▶ [Aim of the exercise] The records below are to be repeated exactly, and their pictures left out.

▶ [Records provided]
*****

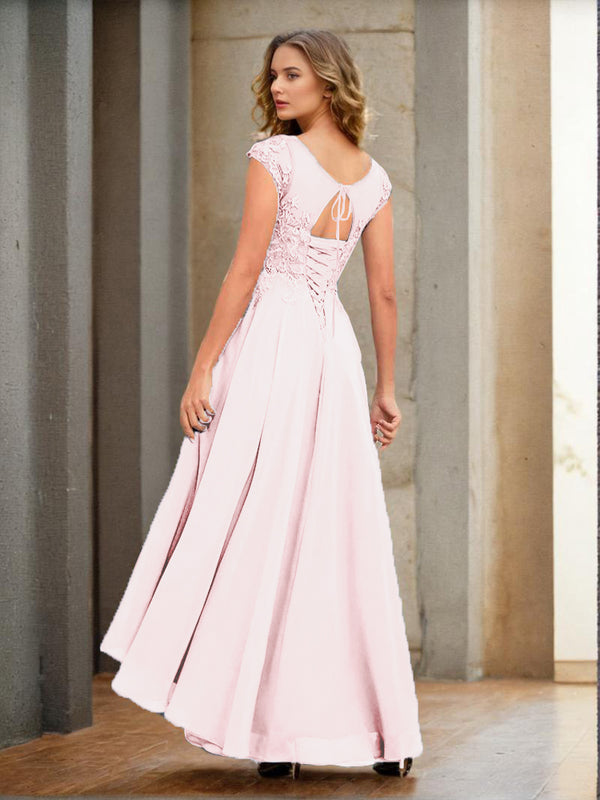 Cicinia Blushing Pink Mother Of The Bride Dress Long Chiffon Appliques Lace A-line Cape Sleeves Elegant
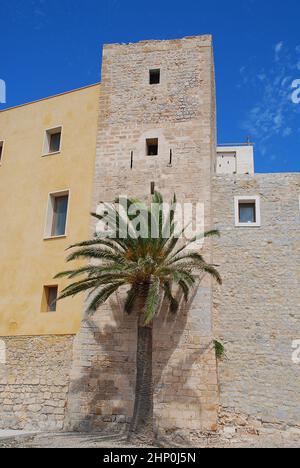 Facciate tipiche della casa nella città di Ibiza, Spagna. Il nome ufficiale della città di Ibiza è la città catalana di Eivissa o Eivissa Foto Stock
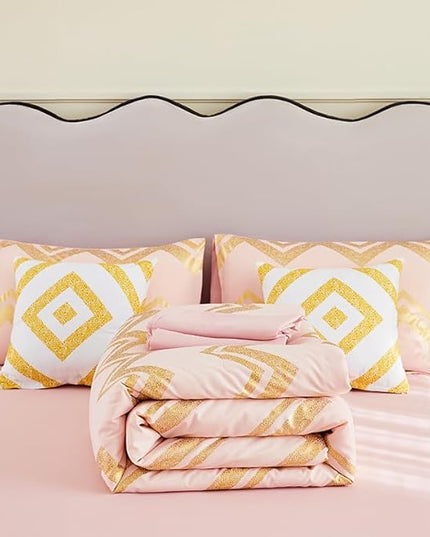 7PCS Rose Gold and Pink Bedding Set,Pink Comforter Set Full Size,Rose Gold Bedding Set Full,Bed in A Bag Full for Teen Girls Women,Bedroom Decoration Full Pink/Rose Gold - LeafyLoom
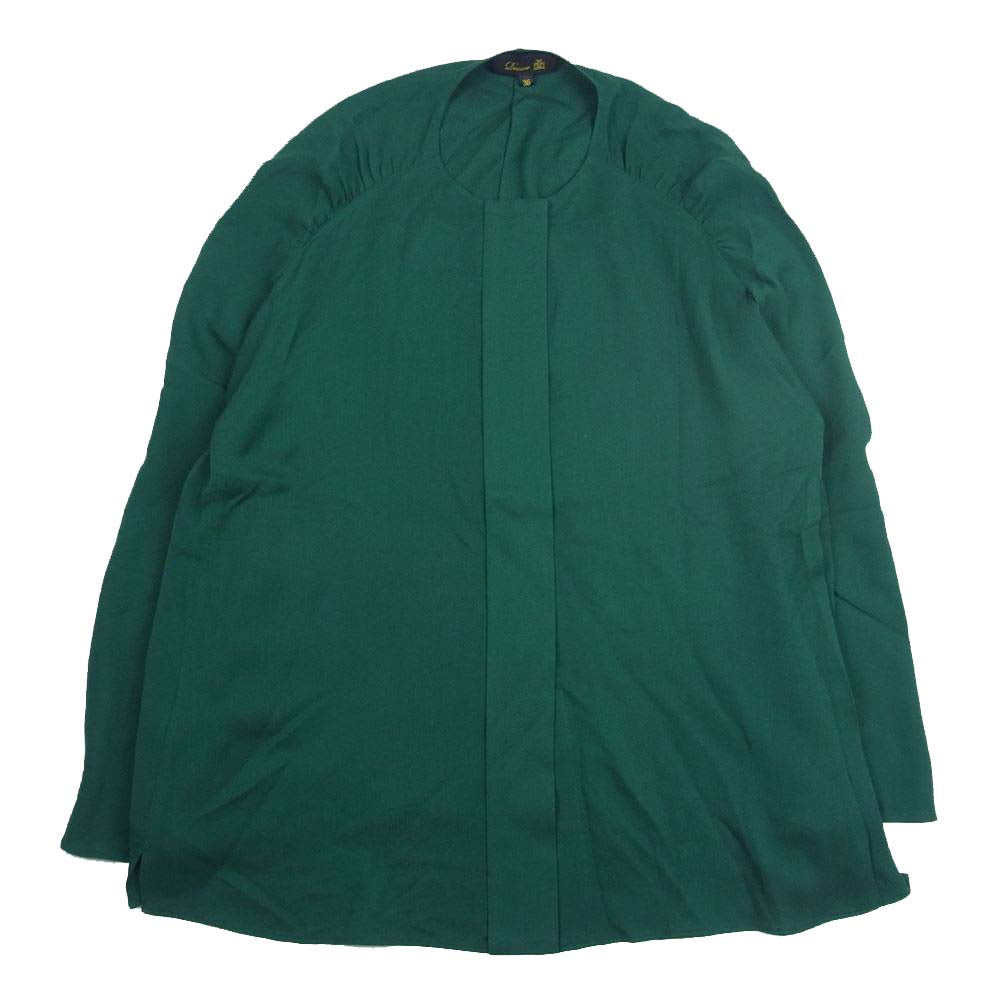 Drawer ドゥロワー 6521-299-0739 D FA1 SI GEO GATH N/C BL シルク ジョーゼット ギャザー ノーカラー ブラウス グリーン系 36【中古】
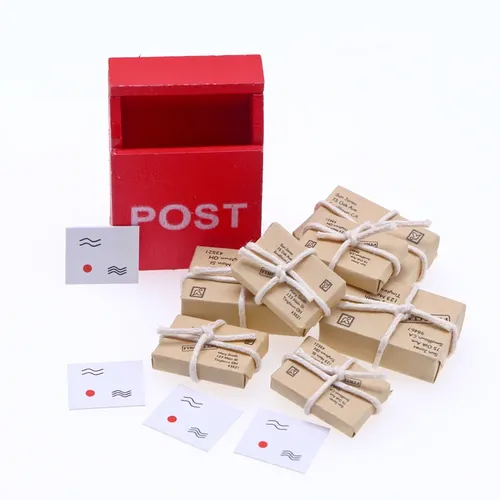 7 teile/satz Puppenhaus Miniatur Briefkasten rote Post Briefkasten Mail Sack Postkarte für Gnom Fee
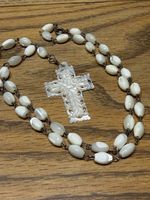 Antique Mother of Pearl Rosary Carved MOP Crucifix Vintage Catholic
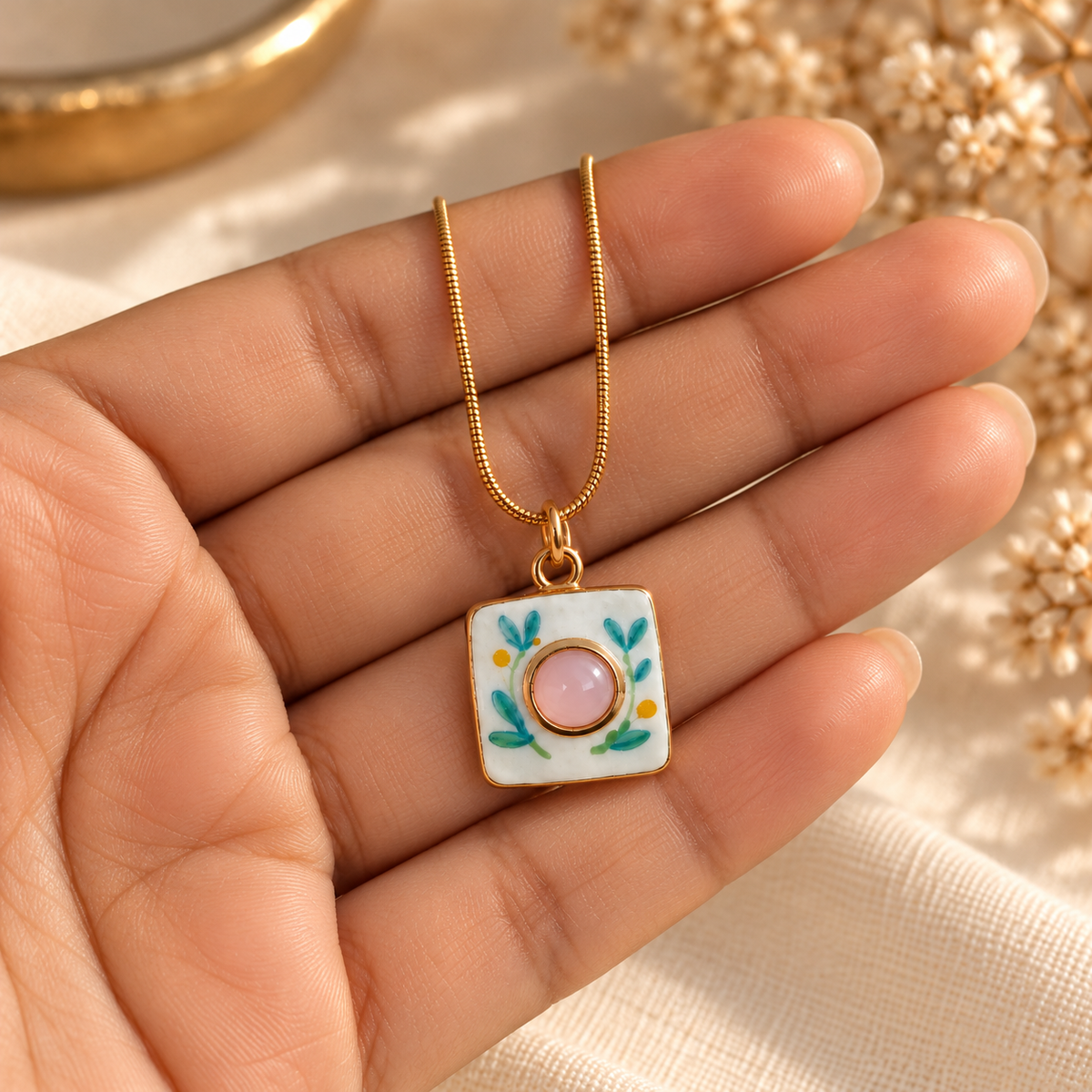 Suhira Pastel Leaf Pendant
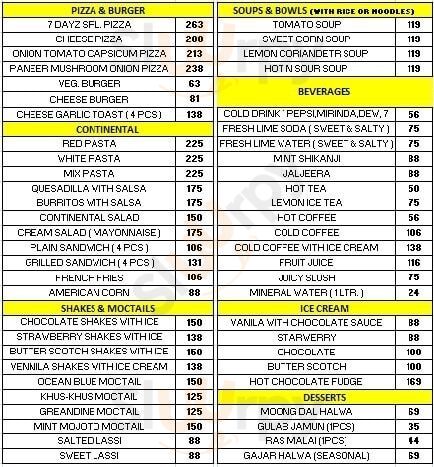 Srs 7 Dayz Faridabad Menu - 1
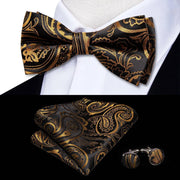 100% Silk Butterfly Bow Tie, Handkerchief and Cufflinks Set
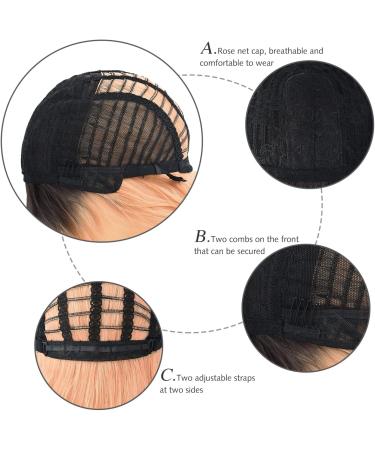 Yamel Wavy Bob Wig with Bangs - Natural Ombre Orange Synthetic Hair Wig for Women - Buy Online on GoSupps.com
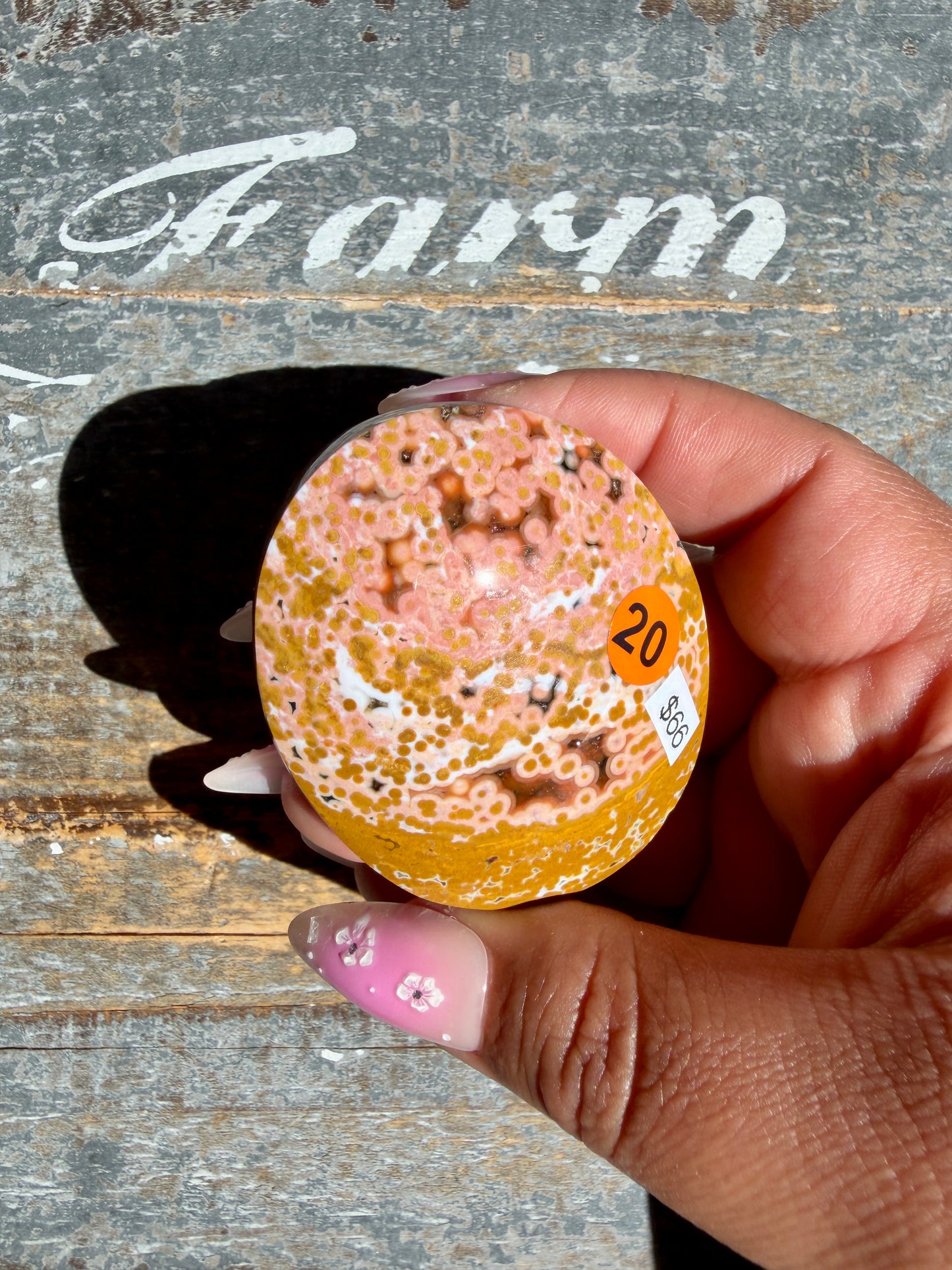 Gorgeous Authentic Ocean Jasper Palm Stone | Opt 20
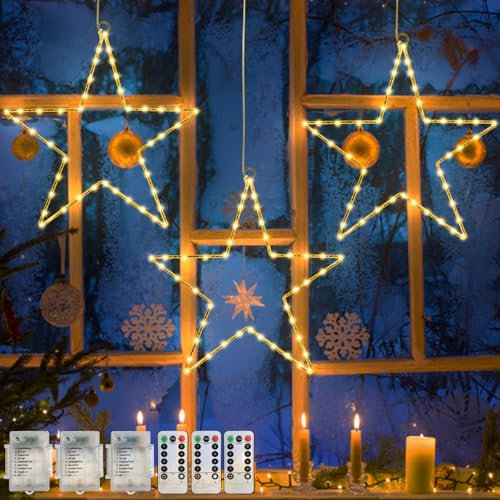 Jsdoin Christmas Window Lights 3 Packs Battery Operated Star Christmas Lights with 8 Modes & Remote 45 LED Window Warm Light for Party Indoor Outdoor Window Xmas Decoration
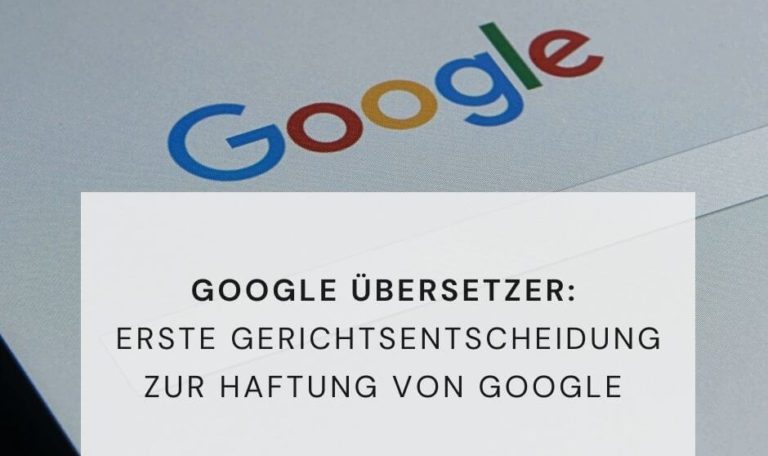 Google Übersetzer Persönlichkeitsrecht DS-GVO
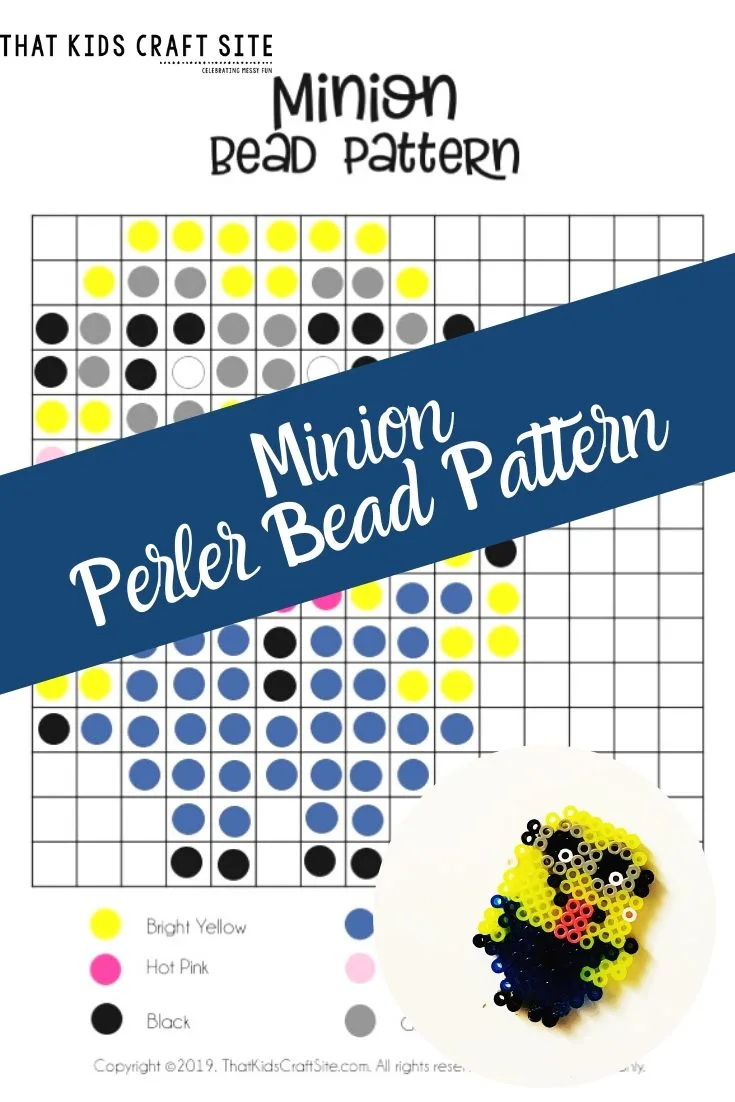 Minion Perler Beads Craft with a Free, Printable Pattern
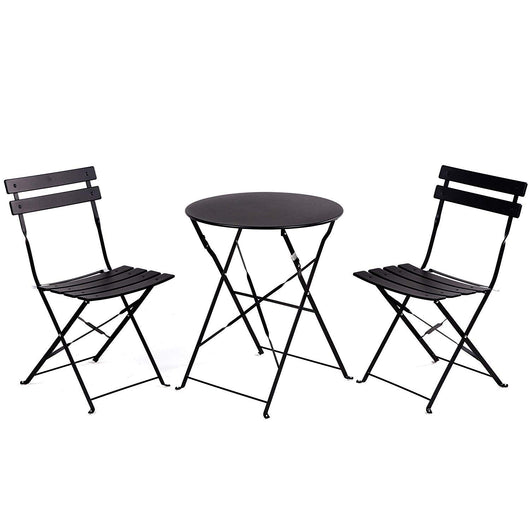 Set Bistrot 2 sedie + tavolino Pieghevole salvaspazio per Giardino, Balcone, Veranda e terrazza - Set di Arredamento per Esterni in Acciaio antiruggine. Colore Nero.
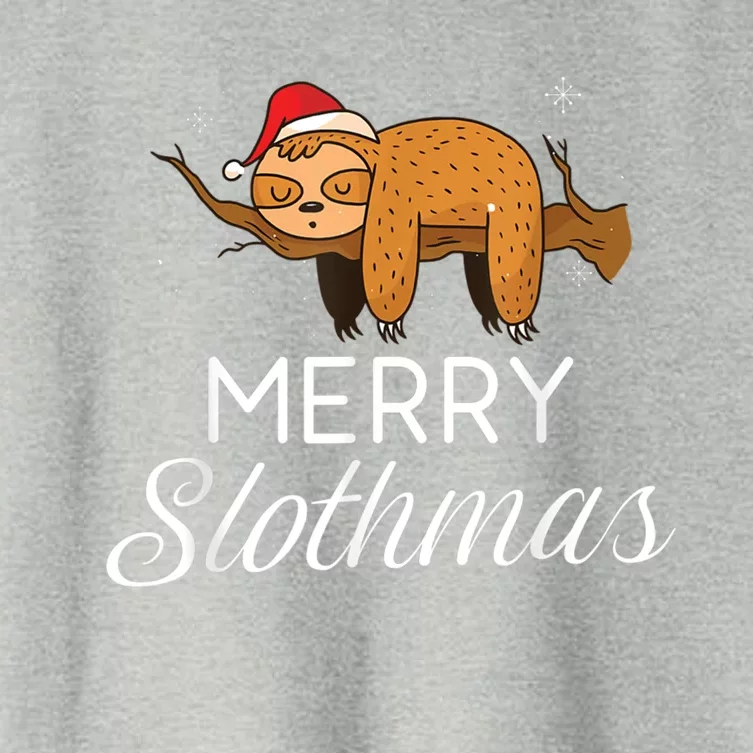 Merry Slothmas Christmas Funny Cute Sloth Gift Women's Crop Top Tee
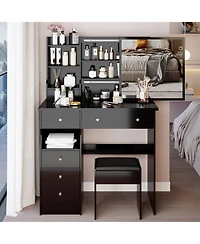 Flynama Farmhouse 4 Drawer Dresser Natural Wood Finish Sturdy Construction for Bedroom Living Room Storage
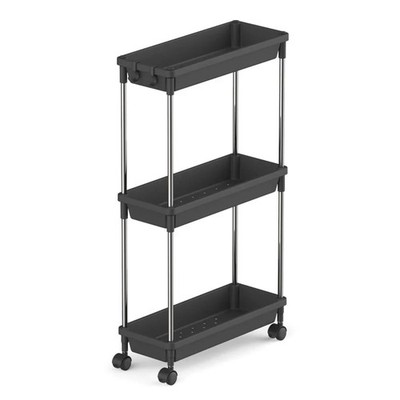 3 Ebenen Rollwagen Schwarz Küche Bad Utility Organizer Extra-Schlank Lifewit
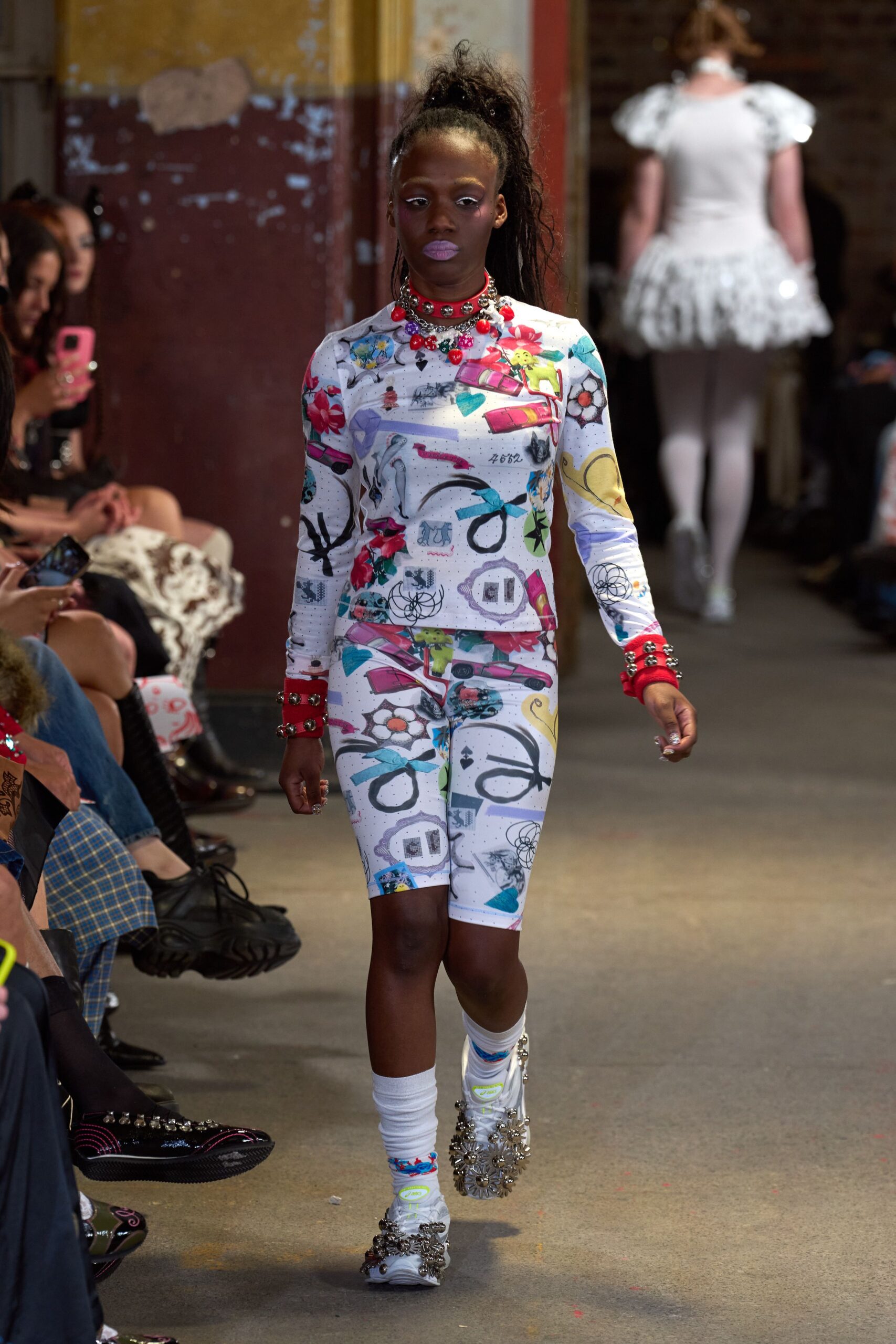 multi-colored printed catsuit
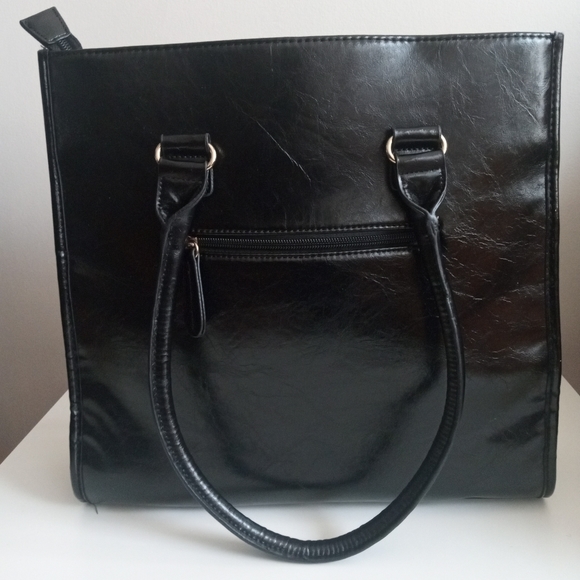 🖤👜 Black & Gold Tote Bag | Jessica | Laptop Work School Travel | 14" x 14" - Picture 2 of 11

*****

▶ [Exercise result]
 Cicinia Blushing Pink Mother Of The Bride Dress Long Chiffon Appliques Lace A-line Cape Sleeves Elegant
 Facciate tipiche della casa nella città di Ibiza, Spagna. Il nome ufficiale della città di Ibiza è la città catalana di Eivissa o Eivissa Foto Stock
 7PCS Rose Gold and Pink Bedding Set,Pink Comforter Set Full Size,Rose Gold Bedding Set Full,Bed in A Bag Full for Teen Girls Women,Bedroom Decoration Full Pink/Rose Gold - LeafyLoom
 Drawer ドゥロワー 6521-299-0739 D FA1 SI GEO GATH N/C BL シルク ジョーゼット ギャザー ノーカラー ブラウス グリーン系 36【中古】
 7 teile/satz Puppenhaus Miniatur Briefkasten rote Post Briefkasten Mail Sack Postkarte für Gnom Fee
 Antique Mother of Pearl Rosary Carved MOP Crucifix Vintage Catholic
 Suhira Pastel Leaf Pendant
 Srs 7 Dayz Faridabad Menu - 1
 100% Silk Butterfly Bow Tie, Handkerchief and Cufflinks Set
 Yamel Wavy Bob Wig with Bangs - Natural Ombre Orange Synthetic Hair Wig for Women - Buy Online on GoSupps.com
 Gorgeous Authentic Ocean Jasper Palm Stone | Opt 20
 Jsdoin Christmas Window Lights 3 Packs Battery Operated Star Christmas Lights with 8 Modes & Remote 45 LED Window Warm Light for Party Indoor Outdoor Window Xmas Decoration
 Google Übersetzer Persönlichkeitsrecht DS-GVO
 Minion Perler Beads Craft with a Free, Printable Pattern
 Set Bistrot 2 sedie + tavolino Pieghevole salvaspazio per Giardino, Balcone, Veranda e terrazza - Set di Arredamento per Esterni in Acciaio antiruggine. Colore Nero.
 Merry Slothmas Christmas Funny Cute Sloth Gift Women's Crop Top Tee
 Flynama Farmhouse 4 Drawer Dresser Natural Wood Finish Sturdy Construction for Bedroom Living Room Storage
 3 Ebenen Rollwagen Schwarz Küche Bad Utility Organizer Extra-Schlank Lifewit
 multi-colored printed catsuit
 🖤👜 Black & Gold Tote Bag | Jessica | Laptop Work School Travel | 14" x 14" - Picture 2 of 11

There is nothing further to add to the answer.